Contudo, quando mais tarde lhe perguntaram qual das suas obras contribuiria sobretudo para a cristandade, Joseph Beuys afirma: “Erweiterter Kunstbegliff”, ou seja, o “conceito expandido da arte”. O artista percebe que tem que encontrar uma linguagem própria do seu tempo para traduzir aquilo que é intemporal: no seu caso, a mensagem cristã sem, contudo, dela se cativar ou sem, através dela, se conter. Neste contexto, após abandonar a iconografia tradicional cristã e os seus motivos, Beuys passa a ser ele próprio a Palavra, encarnando-a. O discurso e a ação passam a ser fundamentais na sua obra, e determinantes para a sua noção de escultura social. O artista acreditava que a arte poderia transformar as consciências e a sociedade, alicerçando-a em ideais de liberdade individual, criatividade e responsabilidade. Entendia a arte como uma força mágica e transformadora. Um dos seus princípios básicos assentava na ideia da arte enquanto campo de energia, sendo que os seus objetos artísticos seriam catalisadores dessa mesma energia.
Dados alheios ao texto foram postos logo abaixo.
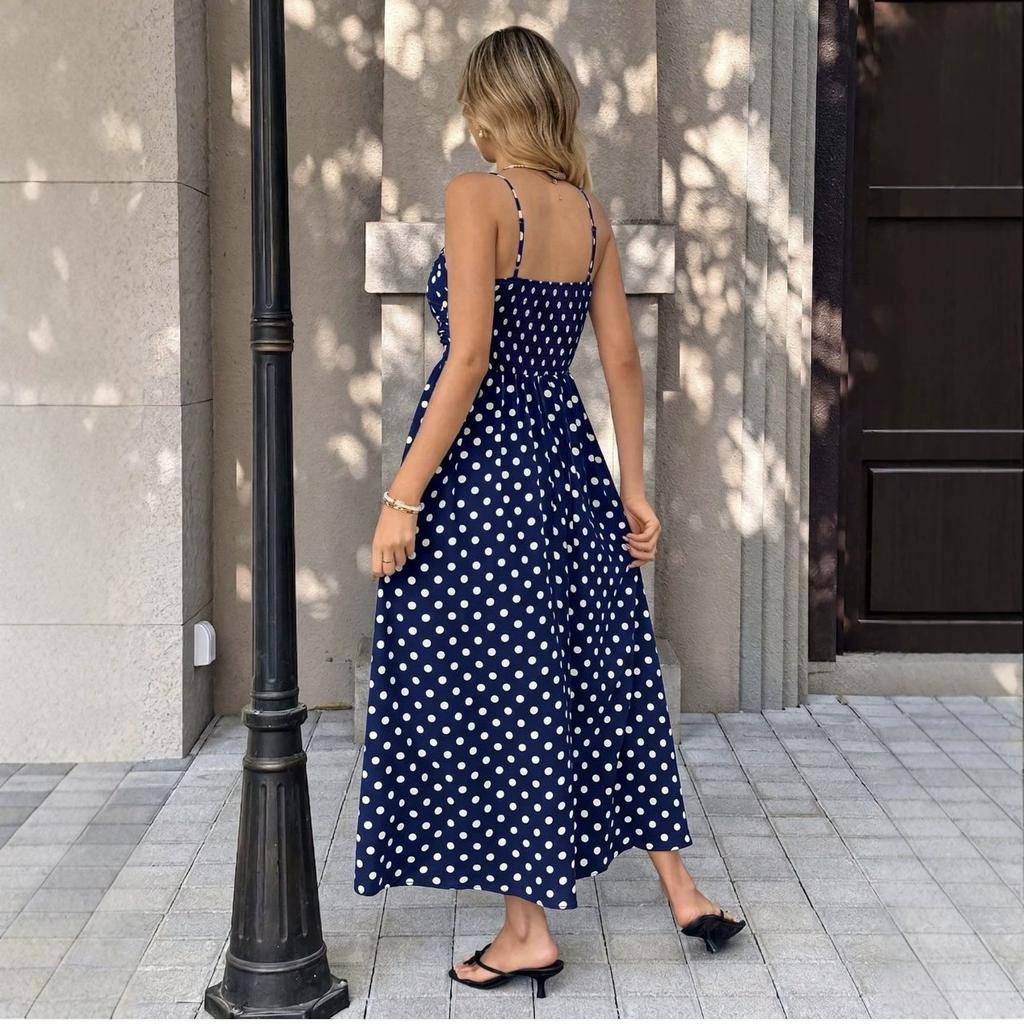European and American Polka Dot Suspender Dress, Square Collar A Word French Retro Seaside Vacation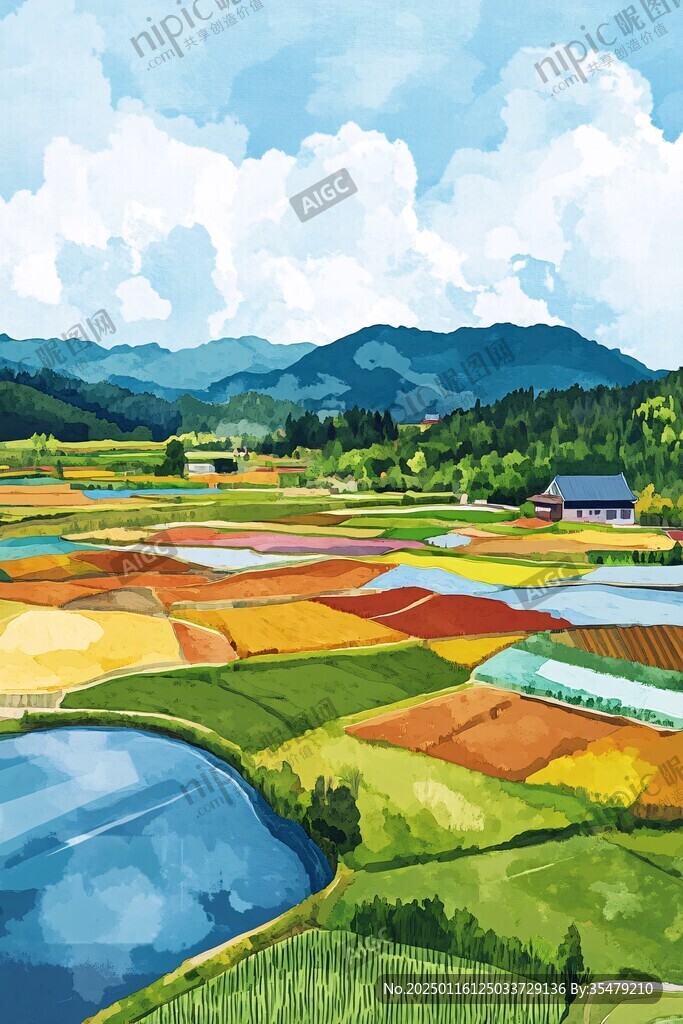 農村田野插畫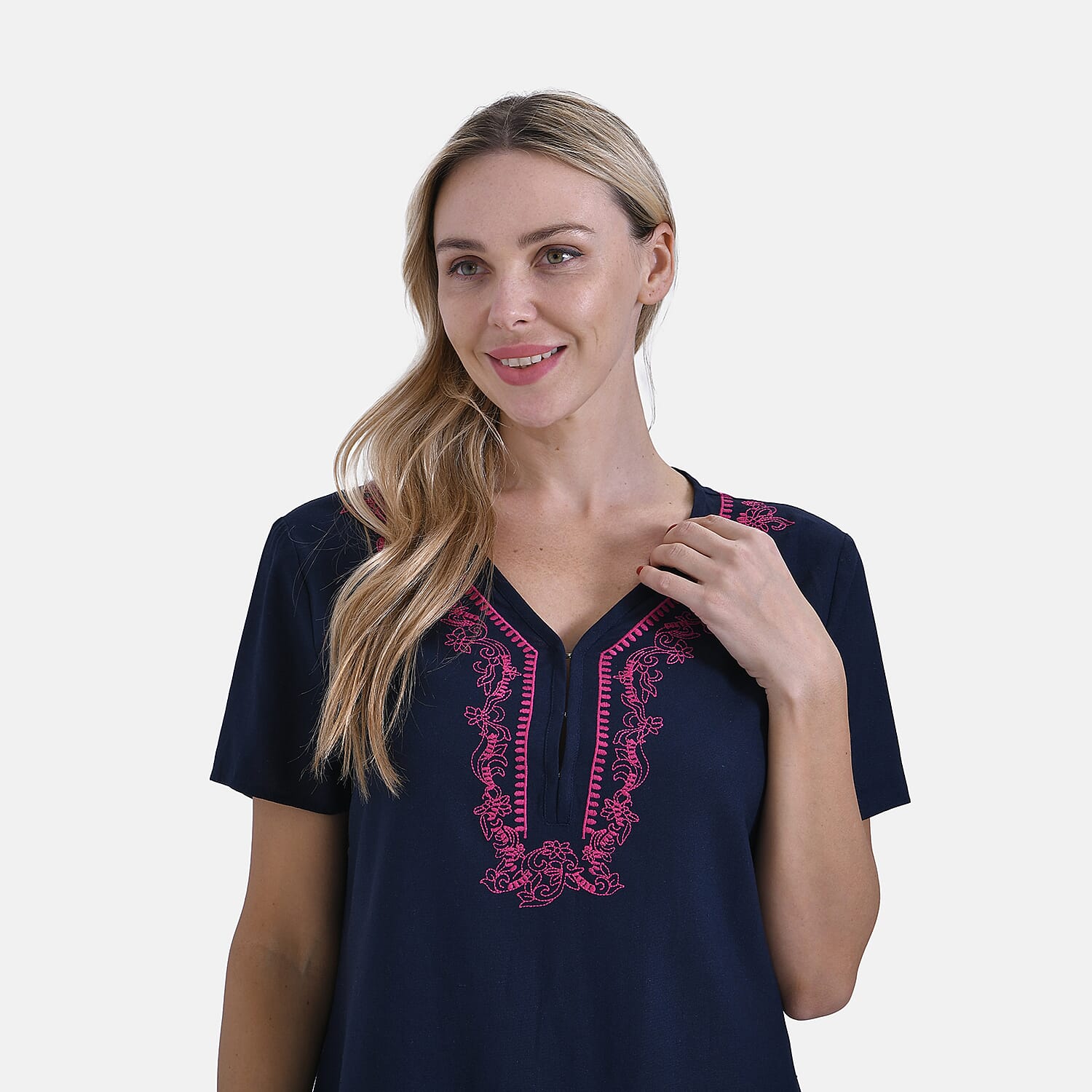 La Marey Viscose Embroidery Short Sleeves  Dress (Size S) - Beige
Joseph Beuys queria que pensássemos a sociedade como uma grande escultura social, e em nós enquanto seres dotados de criatividade e poder para a modelar. Pensarmos em nós enquanto seres de jornada. Já no nascimento, tivemos de passar por uma tremenda transformação: ao abandonar a nossa forma embrionária, salvaguardada pelo líquido amniótico dentro da ‘caverna’ – o interior da mãe – fomos surpreendidos pela luz, o cheiro e o som, e, de repente, obrigados à autossubsistência. Começando de forma algo traumática, esta é a forma primária do “herói”. Como Santo Agostinho o disse, “[a criança] saudando a luz, não entre sorrisos, mas entre lágrimas, profetiza, por assim dizer, a abundância de males que a aguardam. É profeta da própria miséria. Ainda não fala, e já profetiza” (2).

Contudo, um artista que escolheu encarnar a missão de curandeiro, de profeta, de professor, de psicopompo e de lutar pela ‘cura’ através da arte, carrega consigo um múnus incomensurável. É por isso que, muitas vezes, os heróis são mal compreendidos: saem da floresta com ouro nas mãos e este transforma-se em cinzas.

(1) BEUYS, Joseph (transcrito e traduzido) in Who is Joseph Beuys? (1:00-1:40 min.), nationalgaleries, 12/08/2016 [Em linha] Disponível em: WWW: <https://www.youtube.com/watch?v=e7pIGGcIoLk&index=1&list=PLGrAK2qwCZK9gjW7PETGqQ_ZYZzR02dm> [consulta 18.05.2021].

(2) AGOSTINHO, Santo – Cem páginas. Seleção e Prefácio de P. Moreira das Neves. Lisboa: Livraria Bertrand, 1945, pp. 95-96.